- Directed by: Maniyan Sivabalan
- Screenplay by: Maniyan Sivabalan
- Story by: Venkat
- Produced by: Viji Radha Jai
- Starring: S. Ve. Shekher; Kadambari;
- Cinematography: R. C. M. Kasthuri
- Edited by: S. Vijayakumar
- Music by: Gangai Amaran
- Production company: VRJ Films
- Release date: 11 July 1991;
- Running time: 135 minutes
- Country: India
- Language: Tamil

= Pondatti Pondattithan =

Pondatti Pondattithan is a 1991 Indian Tamil-language comedy drama film directed by Maniyan Sivabalan. The film stars S. Ve. Shekher and newcomer Kadambari, with Janagaraj, Senthil, Manorama, V. K. Ramasamy, Vennira Aadai Moorthy, Sulakshana, Disco Shanti and Kovai Sarala playing supporting roles. It was released on 11 July 1991. The film was a remake of Telugu film Chalaki Mogudu Chadastapu Pellam.

== Plot ==

Rajagopal is a bachelor office clerk who lives with his clumsy and annoying grandmother in Vellore. Rajagopal wants to get married as soon as possible with a well-educated woman. So his grandmother suggests him to marry his uneducated cousin Lakshmi, but he refuses. After seeing her, he falls under the spell of the beautiful Lakshmi and he finally marries her. Unfortunately, due to various reasons, his first night gets delayed.

A few weeks later, Rajagopal's boss Krishnan promotes Rajagopal as his assistant manager in Chennai, so Rajagopal has to leave his home for the job. There, Rajagopal lives with Jai, an old friend from his college, in a small apartment.
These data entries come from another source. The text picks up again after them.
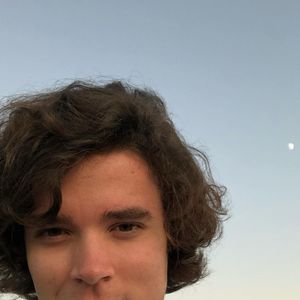 João Lucas era bastante conhecido por jovens religiosos e fazia sucesso com músicas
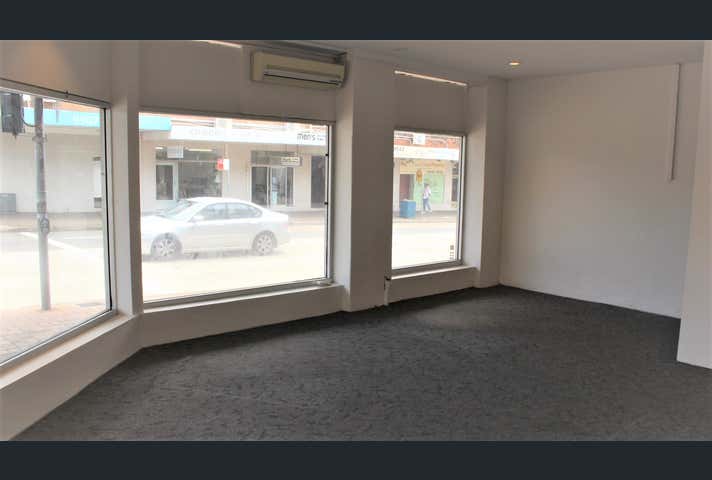 334-338 Sydney Road Balgowlah NSW 2093 - Image 3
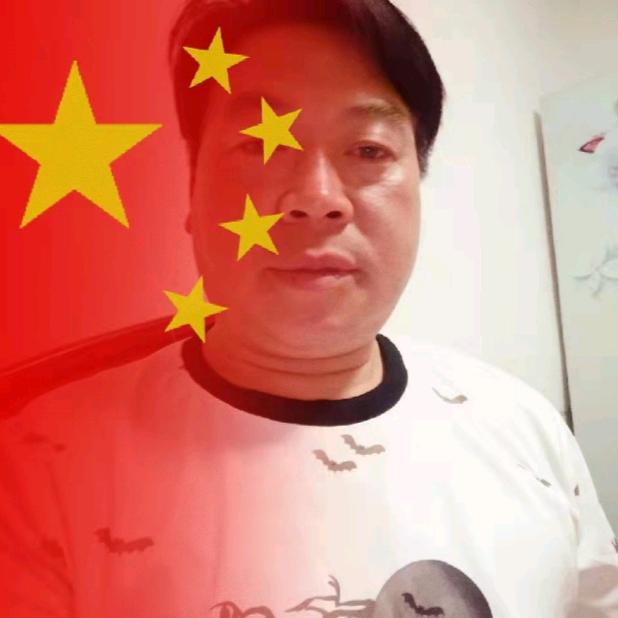 小朱带 唢呐 二胡 打大小鼓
One night, Rajagopal helps a prostitute Padma who was chased by goons and the two take refuge in a hotel. At that time, the police raid the hotel and arrest the prostitutes and their clients, the police inspector Rajendran is none other than Krishnan's friend and he immediately informs Krishnan about the matter. When Krishnan comes to the hotel, the prostitute is mistaken by Krishnan to be Rajagopal's wife and Rajendran release them. Krishnan then accommodates Rajagopal and the prostitute in his guest house. Feared of being fired from his new job, Rajagopal pays Padma for acting like his wife in front of Krishnan. What transpires next forms the rest of the story.

== Soundtrack ==
The music was composed by Gangai Amaran, who also wrote the lyrics.
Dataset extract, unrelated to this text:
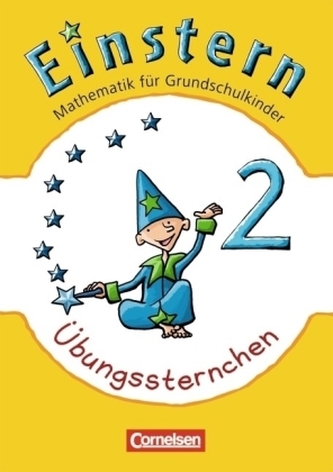 Übungssternchen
| Song | Singer(s) | Length |
|---|---|---|
| "Pondatti Pondattithan" | Manorama | 2:54 |
| "Unnai Vida Oorile" | S. P. Balasubrahmanyam, K. S. Chithra | 3:50 |
| "Poothade Poottu" | S. P. Balasubrahmanyam | 4:23 |
| "Adikkira Kai" | S. P. Balasubrahmanyam | 3:48 |
| "Maane Mayile" | K. J. Yesudas | 4:11 |

==Reception==
C. R. K. of Kalki said that in a comedy film, one should not look out for logic.